Roger: Peter, about the strength of the coffee you make...
Peter: Just use a spoon.
Try Coffee so strong that the spoon stands up on it’s own, even after you take it out of the cup or melts like it was dipped in acid.
Or have at this…
Just chew the beans.
would you rather have thick coffee or that high priced coffee that comes from that jungle cat’s poop?
Coffee should be like beer: if I can drink it with a knife and fork, it’s good to go.
My Mom attempted to slip a dose of castor oil intomy 7 year old self by putting in a cup of coffee. Thatwas the last cup of coffee I ever drank. I’m just short of 81 now, by the way.(G) You coffee heads have always remained a mystery to me.
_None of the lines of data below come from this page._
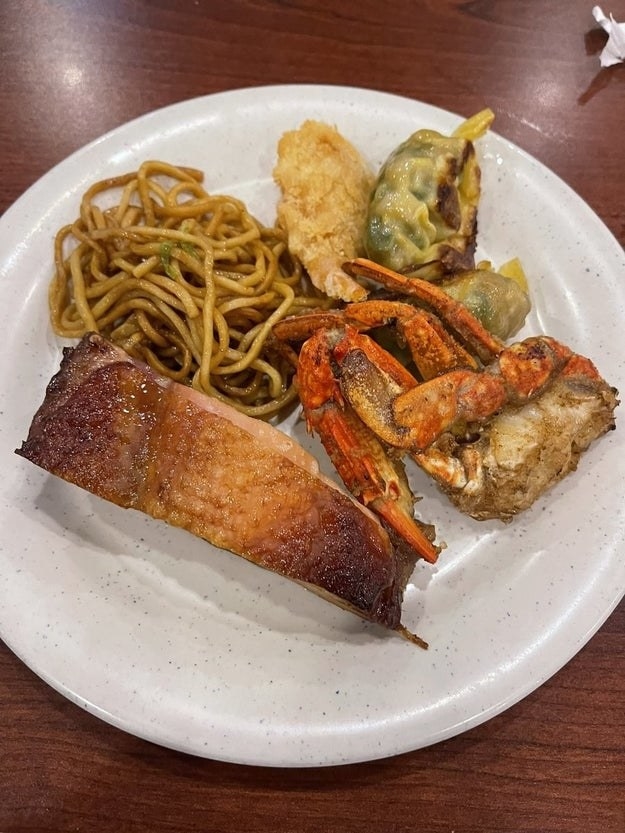 A plate with assorted food items including noodles, a piece of meat, breaded shrimp, crab legs, and a stuffed green pepper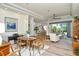 Open-concept living and dining area featuring stylish furniture, a ceiling fan, and an abundance of natural light at 4629 Samoset Dr, Sarasota, FL 34241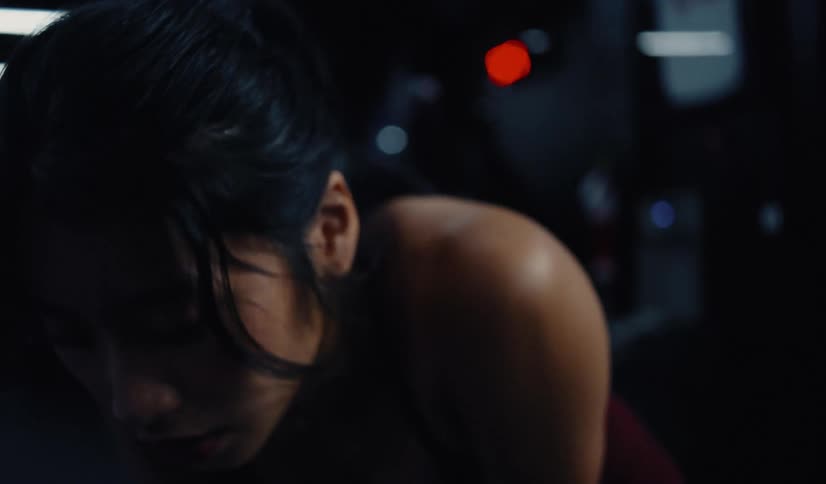 A determined athletic woman breathes heavily while taking a break from her intense workout in a dark, atmospheric gym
When you’ve poured enough into your cup, you’ll need a pair of scissors to cut the flow.
Mmmmm! Coffee-flavored Coffee Toffee!
Wow, talk about strong! And I don’t even drink coffee.
I always enjoy at least one slice of coffee in the morning.
Ole-ver the coffee’s ready. I’ll get the sissors.
It makes me think of a song I learned when I was in fourth grade: “C-O-F-F-E-E/Coffee is not for me/It’s a drink some people wake up with/That it makes them nervous is no myth/Slaves to a coffee cup/They can’t give coffee up!” My class used to sing it as a round.
I think you mean emetic, i.e. – induces vomiting.